All section references are to the Internal Revenue Code of 1954 as amended, unless otherwise specified.
The adjustments to income as determined by respondent in his deficiency notice are as follows:
+-----------------------------------------+ ¦ ¦1980 ¦1981 ¦ +-------------------+----------+----------¦ ¦ ¦ ¦ ¦ +-------------------+----------+----------¦ ¦Salary and wages ¦$26,762.94¦$32,582.30¦ +-------------------+----------+----------¦ ¦Exemptions ¦(3,000.00)¦(4,000.00)¦ +-----------------------------------------+
The grounds stated by respondent in his deficiency notice for these adjustments are: “For taxable years ending December 31, 1980 and December 31, 1981, you received salaries and wages from Bechtel Power Corporation in the amounts of $26,762.94 and $32,582.30, respectively. Since you have not filed Federal income tax returns for those years, your taxable income for taxable year ended December 31, 1980 is increased $26,762.94, and your taxable income for (taxable year) December 31, 1981 is increased $32,582.30.” These amounts are incorrect. The taxable income for 1980 is $23,762.94 and the taxable income for 1981 is $28,582.30.

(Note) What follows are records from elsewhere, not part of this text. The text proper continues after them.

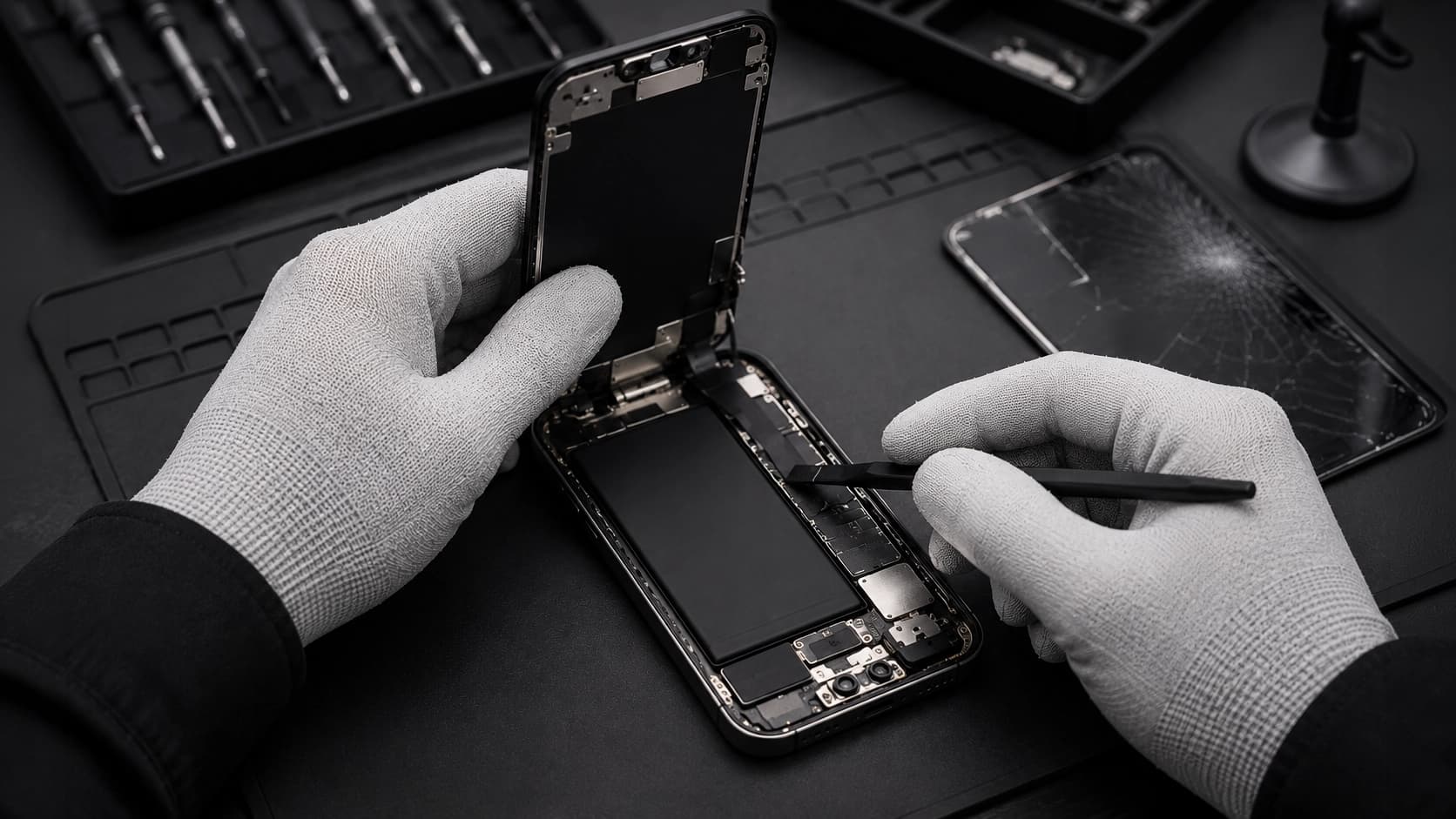 Réparation écran smartphone ClikClak Lausanne
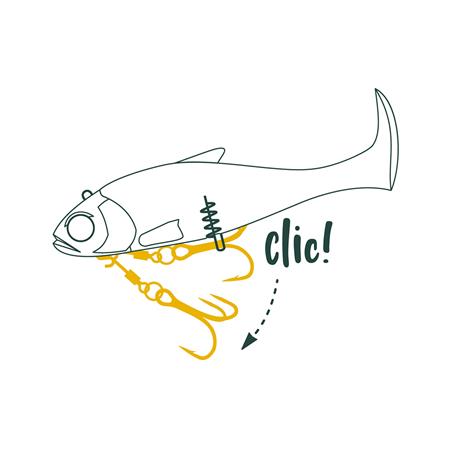 FIXA ANZOL FIIISH QUICK CLIPS - PACK DE 5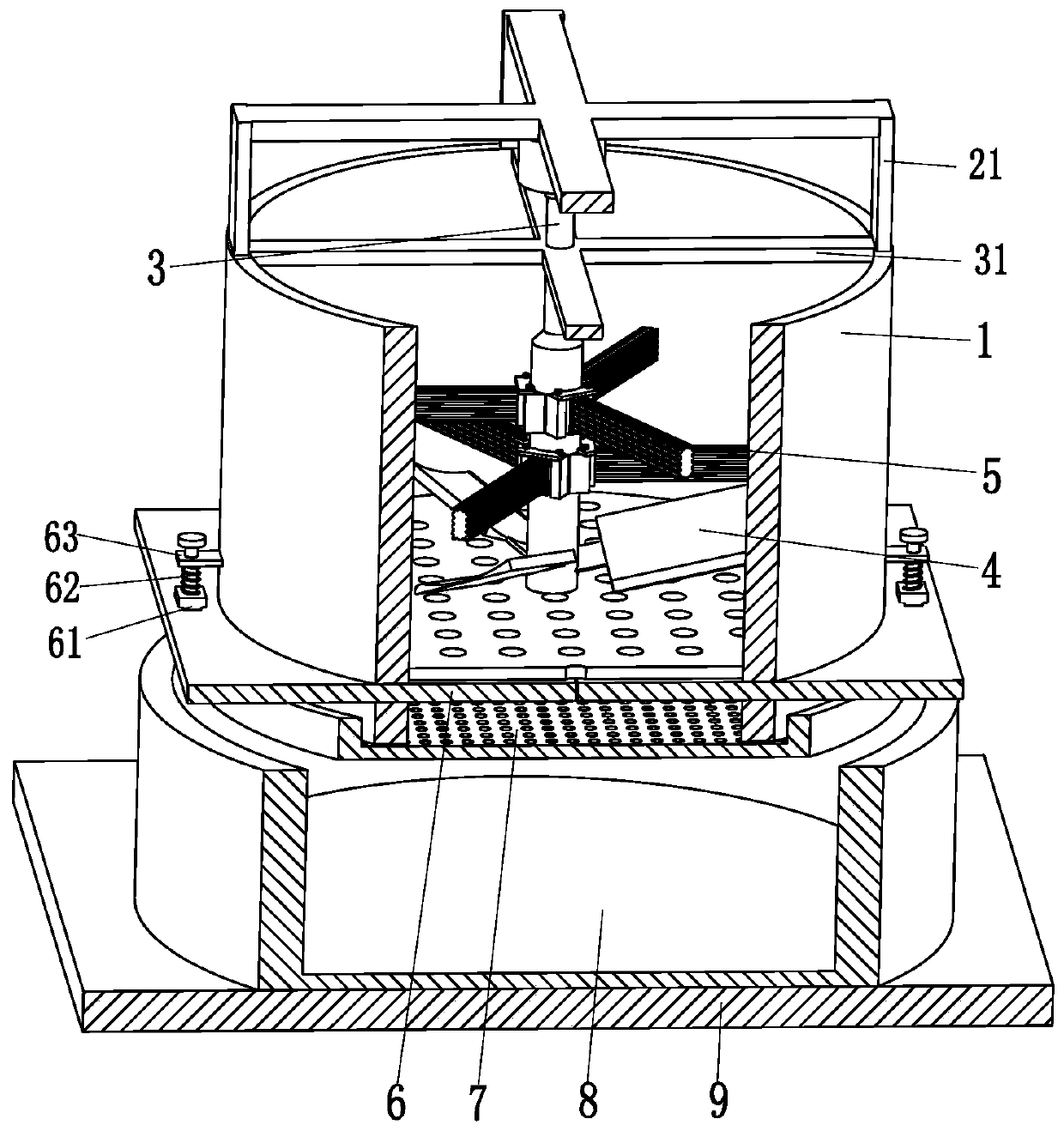 Water-soluble cutting fluid recovery treatment method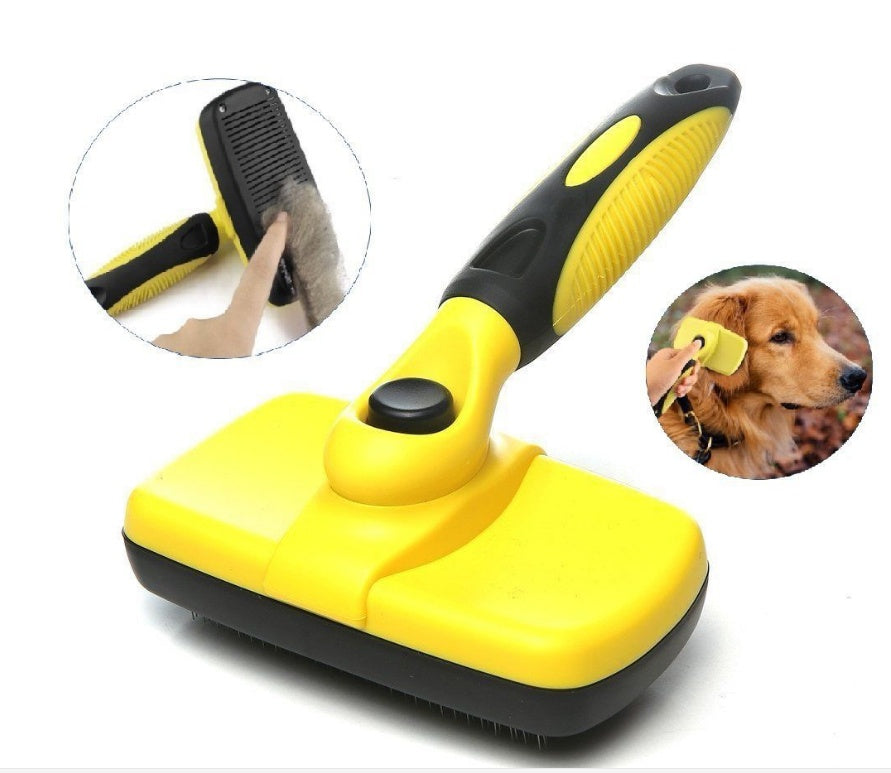 Quick-Clean Pet Slicker Brush for Smooth, Healthy Coats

Petitioner's legal address on the date the petition was filed was Box 3008, TR 14, Forsyth, Montana.
The petition, which was timely filed on January 18, 1983, was signed only by an attorney admitted to practice before this Court. Pursuant to an Order of this Court respondent timely filed his answer on March 11, 1983, on which date the pleadings were closed. Respondent's motion for judgment on the pleadings was filed more than 30 days after the pleadings were closed. See Rules 34, 36, 37, 38 and 120.
That is the only document filed by said counsel in this case notwithstanding that he has been served with a copy of each and every document filed by respondent and with a copy of an Order and a notice of this Court. The Court's records reflect that petitioner himself filed another petition on January 21, 1983. That petition, which contained nothing but frivolous and groundless claims, was closed out on the Court's records by Order dated March 4, 1983 on the ground that it was a duplication of this case.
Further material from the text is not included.